While some have seen Oz reflected in the Bok Tower Gardens, the specific Boq-Bok connection seems to have escaped modern-day scholars. It would have been more obvious in 1900 to Baum’s readers (or more likely their parents), who would have thought it appropriate to give a nod to Edward Bok in a story of a poor American girl’s journey to success in the big (Emerald) city. 

But Baum perhaps had something else in mind with the character of Boq. Edward Bok was no feminist. He opposed the co-called “New Woman” who pushed for greater social status, more economic opportunity, and especially the right to vote. He took the title of his magazine quite literally; he had no respect for the woman who pushed for a role outside the home. “When a woman talks in that way,” he wrote in 1899, “you may always make up your mind that something is the matter with her: something is wrong, and that ‘something’ is almost invariably her intelligence…. The most barren homes in this country generally belong to one class of women: those who, on the platform and with pen, are always hysterically and frantically demanding an expansion of women’s opportunities.” These “platform women,” as he called them, have “never been a credit to, but ever a blot upon, American womanhood.” 

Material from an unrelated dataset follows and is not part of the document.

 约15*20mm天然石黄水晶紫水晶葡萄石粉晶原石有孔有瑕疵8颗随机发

A few years later, in a piece in the New York Times arguing against women’s suffrage, Bok explained it this way: “Woman, by her very nature, is a personification of nervous energy; of emotion; of sentiment. That nervous energy and emotion were given her for expression in her natural channels—that of motherhood. And when she reaches that expression she finds ample outlet for all her nervous energy. But for a number of years there has grown up in America a dangerous type of women, a woman who, misunderstanding the modern currents of thought, has believed her work in the world lay outside of the home or who for some reason or other has developed a positive aversion to motherhood.” 

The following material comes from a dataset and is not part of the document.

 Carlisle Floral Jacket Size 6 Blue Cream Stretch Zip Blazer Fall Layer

Baum, on the other hand, was a strong supporter of women’s rights and suffrage (and, incidentally, the son-in-law of Matilda Joslyn Gage, a leading “platform woman” and author, with Susan B. Anthony and Elizabeth Cady Stanton, of the History of Woman Suffrage). In 1890, as a newspaper editor in Aberdeen, Baum had been one of South Dakota’s strongest supporters for equal voting rights as the new state debated and voted on (and ultimately against) a statewide women’s suffrage amendment. Where Bok always described success in male terms, The Wonderful Wizard of Oz can easily be read as a feminist story: Dorothy is a hero figure, Oz is ruled by women, and male figures are generally weak. According to Michael Patrick Hearn, Baum’s chief biographer, the book is “almost universally acknowledged to be the earliest truly feminist American children’s book.” With the character of Boq helping the young heroine along her yellow brick road to success, Baum was perhaps getting in a little feminist jab at Edward Bok. 

Incidentally, a few years after publication of The Wonderful Wizard of Oz, Bok reportedly offered Baum $2,500 for a new story for the Ladies’ Home Journal. Baum responded with a story about a gingerbread man. Bok returned the manuscript with suggestions for revisions, including the addition of a human child with whom young readers could identify. Baum added Chick the Cherub, the child Bok had requested, but he refused to assign a gender to Chick. Chick could be a girl or a boy in the reader’s mind; Baum never used a gendered pronoun or gave other explicit indication of sex. When he completed the revised story, Baum did not return it to Bok for the magazine; instead, he sent it to Frank Reilly, who had been associated with the firm that first published The Wonderful Wizard of Oz and who now published Baum’s new story as John Dough and the Cherub (1906).

So, does The Wonderful Wizard of Oz have a hidden meaning? Yes, but perhaps the meaning is not Populism and the coinage of silver, but rather an affirmation of Baum’s feminism.